The problem:
The response must consist of all the entries, duplicated without alteration.

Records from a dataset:
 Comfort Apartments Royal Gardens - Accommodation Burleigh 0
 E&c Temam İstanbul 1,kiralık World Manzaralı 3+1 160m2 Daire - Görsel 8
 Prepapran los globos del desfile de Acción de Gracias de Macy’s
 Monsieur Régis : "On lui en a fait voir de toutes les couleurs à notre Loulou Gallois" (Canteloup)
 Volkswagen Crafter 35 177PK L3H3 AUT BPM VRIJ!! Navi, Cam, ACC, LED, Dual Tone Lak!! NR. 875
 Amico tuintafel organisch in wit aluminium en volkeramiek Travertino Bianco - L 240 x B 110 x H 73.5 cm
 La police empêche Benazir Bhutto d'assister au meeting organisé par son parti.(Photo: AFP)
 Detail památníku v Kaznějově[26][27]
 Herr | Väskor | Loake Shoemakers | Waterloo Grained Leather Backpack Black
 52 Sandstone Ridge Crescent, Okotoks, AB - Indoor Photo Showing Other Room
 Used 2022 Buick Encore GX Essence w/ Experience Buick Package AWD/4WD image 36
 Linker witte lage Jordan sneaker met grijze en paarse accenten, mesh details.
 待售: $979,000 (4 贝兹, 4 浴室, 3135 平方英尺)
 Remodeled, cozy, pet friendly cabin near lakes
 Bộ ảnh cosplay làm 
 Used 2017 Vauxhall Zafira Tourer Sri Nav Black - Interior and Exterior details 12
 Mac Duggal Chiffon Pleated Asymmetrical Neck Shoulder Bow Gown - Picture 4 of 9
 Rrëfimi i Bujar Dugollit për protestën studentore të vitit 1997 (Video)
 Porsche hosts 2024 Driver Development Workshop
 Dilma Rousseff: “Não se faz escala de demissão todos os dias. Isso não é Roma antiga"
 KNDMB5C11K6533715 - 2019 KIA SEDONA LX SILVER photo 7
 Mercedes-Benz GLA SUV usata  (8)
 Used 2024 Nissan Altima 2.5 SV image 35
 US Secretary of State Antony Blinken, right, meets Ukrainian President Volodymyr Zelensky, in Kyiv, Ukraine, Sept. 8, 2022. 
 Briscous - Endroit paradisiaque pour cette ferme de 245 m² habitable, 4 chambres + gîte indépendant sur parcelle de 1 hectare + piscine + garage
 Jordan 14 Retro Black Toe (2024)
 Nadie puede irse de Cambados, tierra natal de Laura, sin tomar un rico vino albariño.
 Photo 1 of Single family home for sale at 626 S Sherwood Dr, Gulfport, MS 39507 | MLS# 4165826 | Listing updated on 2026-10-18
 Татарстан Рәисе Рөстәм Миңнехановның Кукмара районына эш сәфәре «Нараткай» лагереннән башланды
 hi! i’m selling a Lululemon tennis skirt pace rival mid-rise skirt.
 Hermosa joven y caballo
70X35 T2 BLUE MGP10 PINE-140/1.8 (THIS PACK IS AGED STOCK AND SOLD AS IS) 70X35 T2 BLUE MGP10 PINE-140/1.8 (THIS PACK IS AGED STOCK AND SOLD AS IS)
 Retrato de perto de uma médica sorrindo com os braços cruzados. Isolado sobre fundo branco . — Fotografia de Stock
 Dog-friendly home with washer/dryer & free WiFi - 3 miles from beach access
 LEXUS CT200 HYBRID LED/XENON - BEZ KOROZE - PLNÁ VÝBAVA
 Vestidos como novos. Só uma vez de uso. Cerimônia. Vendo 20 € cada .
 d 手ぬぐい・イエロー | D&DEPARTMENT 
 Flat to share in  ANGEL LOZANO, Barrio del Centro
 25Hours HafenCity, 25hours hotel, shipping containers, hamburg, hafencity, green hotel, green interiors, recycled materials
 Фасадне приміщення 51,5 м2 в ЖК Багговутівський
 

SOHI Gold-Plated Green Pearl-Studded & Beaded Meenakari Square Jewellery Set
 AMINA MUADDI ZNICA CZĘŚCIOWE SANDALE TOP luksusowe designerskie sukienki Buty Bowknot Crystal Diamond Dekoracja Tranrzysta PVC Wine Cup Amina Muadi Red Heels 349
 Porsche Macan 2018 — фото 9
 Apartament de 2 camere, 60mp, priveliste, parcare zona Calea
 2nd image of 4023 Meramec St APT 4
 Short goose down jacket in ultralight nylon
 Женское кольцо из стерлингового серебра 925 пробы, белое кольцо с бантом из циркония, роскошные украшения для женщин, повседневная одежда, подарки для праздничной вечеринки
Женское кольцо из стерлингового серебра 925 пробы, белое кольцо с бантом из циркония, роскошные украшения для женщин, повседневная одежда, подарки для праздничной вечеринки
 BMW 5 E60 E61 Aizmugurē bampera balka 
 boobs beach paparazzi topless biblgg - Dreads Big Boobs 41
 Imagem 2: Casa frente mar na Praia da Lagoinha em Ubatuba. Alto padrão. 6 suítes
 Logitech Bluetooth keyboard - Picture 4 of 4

Output for this task:
 Comfort Apartments Royal Gardens - Accommodation Burleigh 0
 E&c Temam İstanbul 1,kiralık World Manzaralı 3+1 160m2 Daire - Görsel 8
 Prepapran los globos del desfile de Acción de Gracias de Macy’s
 Monsieur Régis : "On lui en a fait voir de toutes les couleurs à notre Loulou Gallois" (Canteloup)
 Volkswagen Crafter 35 177PK L3H3 AUT BPM VRIJ!! Navi, Cam, ACC, LED, Dual Tone Lak!! NR. 875
 Amico tuintafel organisch in wit aluminium en volkeramiek Travertino Bianco - L 240 x B 110 x H 73.5 cm
 La police empêche Benazir Bhutto d'assister au meeting organisé par son parti.(Photo: AFP)
 Detail památníku v Kaznějově[26][27]
 Herr | Väskor | Loake Shoemakers | Waterloo Grained Leather Backpack Black
 52 Sandstone Ridge Crescent, Okotoks, AB - Indoor Photo Showing Other Room
 Used 2022 Buick Encore GX Essence w/ Experience Buick Package AWD/4WD image 36
 Linker witte lage Jordan sneaker met grijze en paarse accenten, mesh details.
 待售: $979,000 (4 贝兹, 4 浴室, 3135 平方英尺)
 Remodeled, cozy, pet friendly cabin near lakes
 Bộ ảnh cosplay làm 
 Used 2017 Vauxhall Zafira Tourer Sri Nav Black - Interior and Exterior details 12
 Mac Duggal Chiffon Pleated Asymmetrical Neck Shoulder Bow Gown - Picture 4 of 9
 Rrëfimi i Bujar Dugollit për protestën studentore të vitit 1997 (Video)
 Porsche hosts 2024 Driver Development Workshop
 Dilma Rousseff: “Não se faz escala de demissão todos os dias. Isso não é Roma antiga"
 KNDMB5C11K6533715 - 2019 KIA SEDONA LX SILVER photo 7
 Mercedes-Benz GLA SUV usata  (8)
 Used 2024 Nissan Altima 2.5 SV image 35
 US Secretary of State Antony Blinken, right, meets Ukrainian President Volodymyr Zelensky, in Kyiv, Ukraine, Sept. 8, 2022. 
 Briscous - Endroit paradisiaque pour cette ferme de 245 m² habitable, 4 chambres + gîte indépendant sur parcelle de 1 hectare + piscine + garage
 Jordan 14 Retro Black Toe (2024)
 Nadie puede irse de Cambados, tierra natal de Laura, sin tomar un rico vino albariño.
 Photo 1 of Single family home for sale at 626 S Sherwood Dr, Gulfport, MS 39507 | MLS# 4165826 | Listing updated on 2026-10-18
 Татарстан Рәисе Рөстәм Миңнехановның Кукмара районына эш сәфәре «Нараткай» лагереннән башланды
 hi! i’m selling a Lululemon tennis skirt pace rival mid-rise skirt.
 Hermosa joven y caballo
70X35 T2 BLUE MGP10 PINE-140/1.8 (THIS PACK IS AGED STOCK AND SOLD AS IS) 70X35 T2 BLUE MGP10 PINE-140/1.8 (THIS PACK IS AGED STOCK AND SOLD AS IS)
 Retrato de perto de uma médica sorrindo com os braços cruzados. Isolado sobre fundo branco . — Fotografia de Stock
 Dog-friendly home with washer/dryer & free WiFi - 3 miles from beach access
 LEXUS CT200 HYBRID LED/XENON - BEZ KOROZE - PLNÁ VÝBAVA
 Vestidos como novos. Só uma vez de uso. Cerimônia. Vendo 20 € cada .
 d 手ぬぐい・イエロー | D&DEPARTMENT 
 Flat to share in  ANGEL LOZANO, Barrio del Centro
 25Hours HafenCity, 25hours hotel, shipping containers, hamburg, hafencity, green hotel, green interiors, recycled materials
 Фасадне приміщення 51,5 м2 в ЖК Багговутівський
 

SOHI Gold-Plated Green Pearl-Studded & Beaded Meenakari Square Jewellery Set
 AMINA MUADDI ZNICA CZĘŚCIOWE SANDALE TOP luksusowe designerskie sukienki Buty Bowknot Crystal Diamond Dekoracja Tranrzysta PVC Wine Cup Amina Muadi Red Heels 349
 Porsche Macan 2018 — фото 9
 Apartament de 2 camere, 60mp, priveliste, parcare zona Calea
 2nd image of 4023 Meramec St APT 4
 Short goose down jacket in ultralight nylon
 Женское кольцо из стерлингового серебра 925 пробы, белое кольцо с бантом из циркония, роскошные украшения для женщин, повседневная одежда, подарки для праздничной вечеринки
Женское кольцо из стерлингового серебра 925 пробы, белое кольцо с бантом из циркония, роскошные украшения для женщин, повседневная одежда, подарки для праздничной вечеринки
 BMW 5 E60 E61 Aizmugurē bampera balka 
 boobs beach paparazzi topless biblgg - Dreads Big Boobs 41
 Imagem 2: Casa frente mar na Praia da Lagoinha em Ubatuba. Alto padrão. 6 suítes
 Logitech Bluetooth keyboard - Picture 4 of 4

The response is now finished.